It seems like it's the best of both worlds... It does some extra stuff for you, but you get that nice clean, compiled-for-me feel to the kernel.

Opinions?

----------

## stahlsau

maybe he used the ebuild...

----------

## albrow

 *senectus wrote:*   

> umm correct me if I'm wrong.. but lovesources is just a patch.. so you still need the full dev-kernel first the patch in the love sources.. ???

 

The ebuild downloads the vanilla kernel as well as love-sources (and mm-sources) and patches it.
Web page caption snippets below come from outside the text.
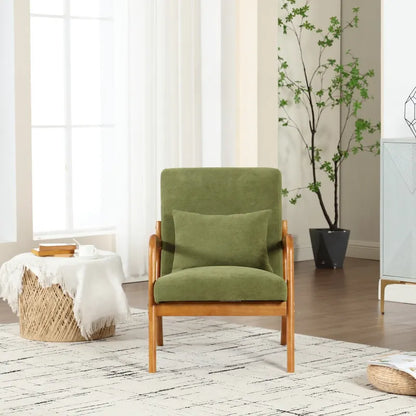 Velvet/leather Upholstered Mid-Century Modern Wood Frame Single Armchair for Living Room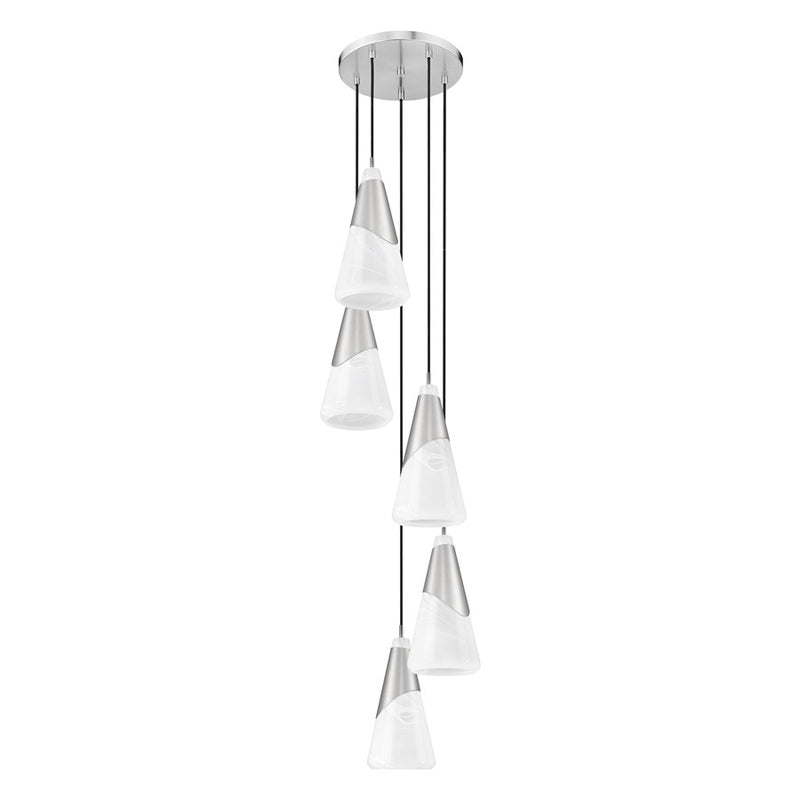 Z-Lite Aimie 5 Light Chandelier, Brushed Nickel/White Swirl
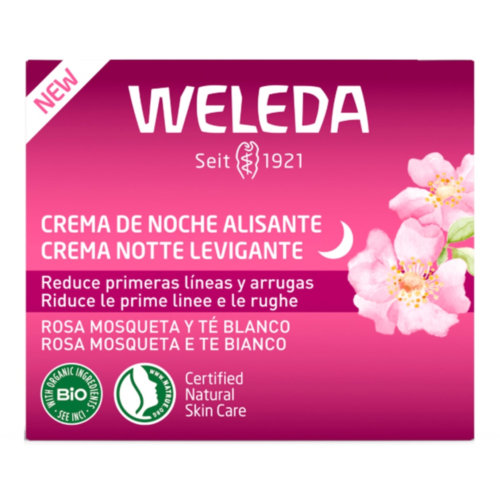 Weleda crema de noche alisante rosa mosqueta y te blanco  1 tarro 40 ml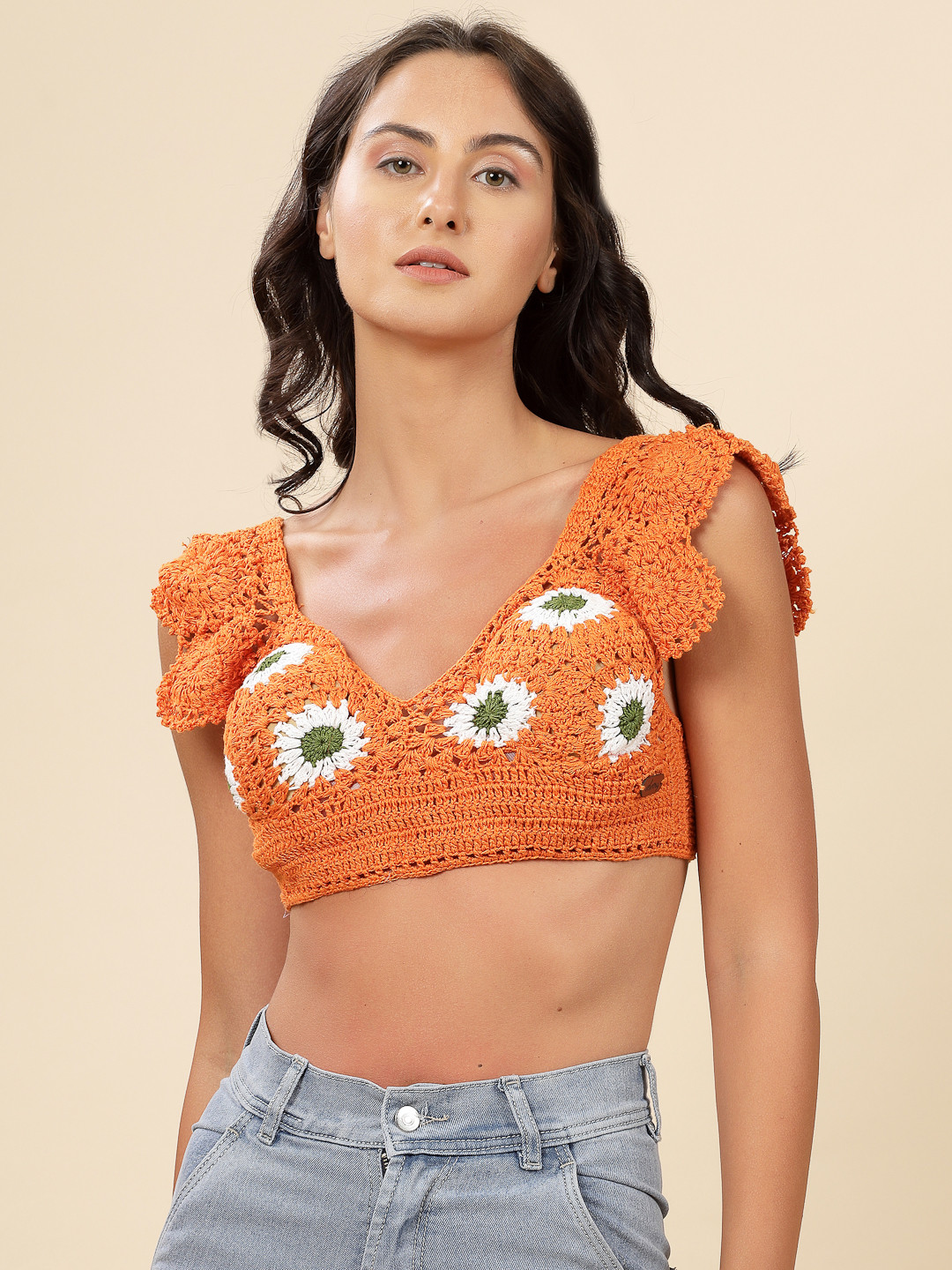 Velvery Crochet Bralette Top with Straps - Orange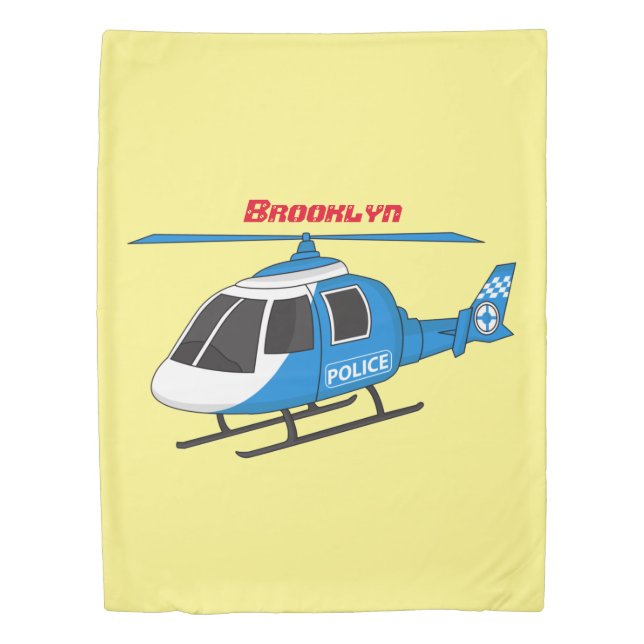 Cute police department helicopter chopper cartoon duvet cover (Front)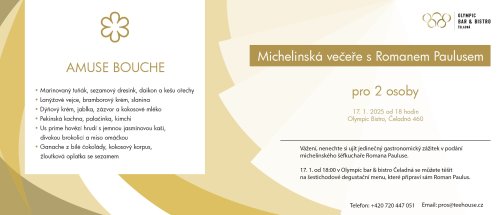 Michelinská večeře s Romanem Paulusem 17. 1. 2025 v 18:00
I'm definitely going with the roll-your-own-kernel option.  I must admit, the first time I saw menuconfig I didn't have a clue, but now it's practically second nature.

----------

## foxtrot

I used to use genkernel, but now I do make menuconfig and the rest by hand. I've finally got it (mostly :) ) to the point where I know what options I need for making a kernel and which ones I don't, which means that not only am I no longer building a pretty oversized kernel with a metric buttload of modules, it also means when I need to do a kernel compile for whatever reason (mostly the reason of I only mostly know what I need at this point...) it's a lot quicker.

Besides, one misstep with genkernel and then you wind up forgetting to put "loopback filesystem" into your kernel and you then can't run genkernel anymore to fix it. Oops....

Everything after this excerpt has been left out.